Inadequate disclosure concerns more than merely whether the parties have disclosed their property. Rather, the law requires that each party be given a fair and reasonable disclosure of their spouse’s property. Disclosure of information concerning the property of a party may be in the form of an informal list, documents or forms provided by an attorney, or by formal requests for disclosure or documents pursuant to the rules of civil procedure. The statutory language of the disclosure requirement is very general, stating "before a spouse may sign or be party to" a marital property agreement, the spouse "must either execute a written waiver of disclosure or be provided a fair and reasonable disclosure of the property of the other spouse." (emphasis added) All too often, however, the issue of whether adequate disclosure was made is colored by whether the spouse seeking to challenge the agreement knew or was in a position to know of the property at issue during the marriage. An example is a spouse signing an agreement that purports to divide a retirement account but does not provide for division of a correctly undivided 401(k) account. Arguably, if the spouse signing the agreement had not worked at the company during the marriage and thus, has never received a statement reflecting the balance in the account, she may not be charged with failing to know about the account.
Shocks-the-Conscience is a somewhat different issue. This type of challenge is generally made by one spouse or a third party (a child or parent of the deceases spouse) in a will contest. In the situation of a will challenge, what shocks the conscience may relate to how the contest affects property characterized as separate property, or more often, the community estate. If the spouse contesting the will has a large disparity in property, he/she may cite the low level of advancement in his/her career as a reason for the disparity (lower earning spouse), or make the argument that the spouse making the gift or will disinherited his first family to cater to the second families better "more deserving" lifestyle. To a third party, such as a child of the deceased spouse, the argument arises that a will providing a disproportionate amount to one child removes funds arguably needed for respect to the deceased’s aged spouse.
Irregularities concerns the witnessing and signing of the agreement. A typical problem is that the agreement was not executed before a notary or in the presence of the required number of witnesses. Another concern might be the discussions that occurred between the spouse seeking to enforce the agreement and the other spouse prior to execution of the agreement. For example, the other spouse may claim to have been coerced, pressured or even tricked into signing the agreement. There are numerous scary stories from family law attorneys about their horror stories from the other side of the table when clients have tried to pull a fast one or take advantage of the opposition.

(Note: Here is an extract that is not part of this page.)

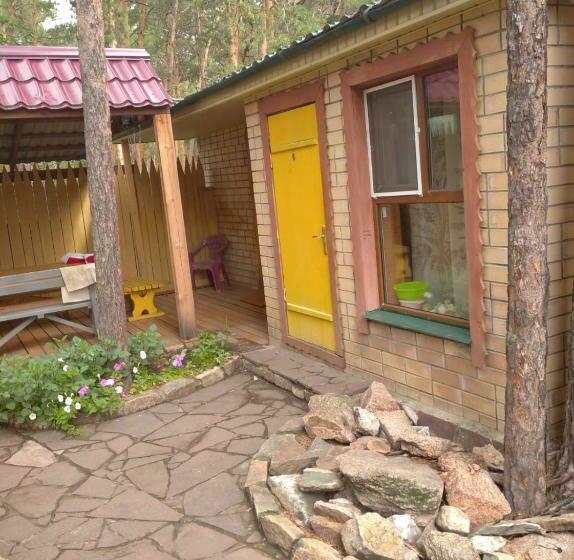 ویلای سوپریور 1 خوابه, гостевой дом Azia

Consultation for Family Law Attorneys
Consulting a family law attorney when drafting a martial property agreement is essential for ensuring the agreement is properly designed to achieve its intended purpose. A properly drafted martial property agreement satisfies the following conditions: A qualified family law attorney will be able to provide advice regarding the most appropriate type of martial property agreement suitable for your situation and review your agreement to make sure it entertains all the necessary protections . In the event that you later wish to invalidate or revise your agreement your attorney can assist you with this as well. In the end, a martial property can be an invaluable tool for controlling how particular property will be dealt with in the event of a divorce or death.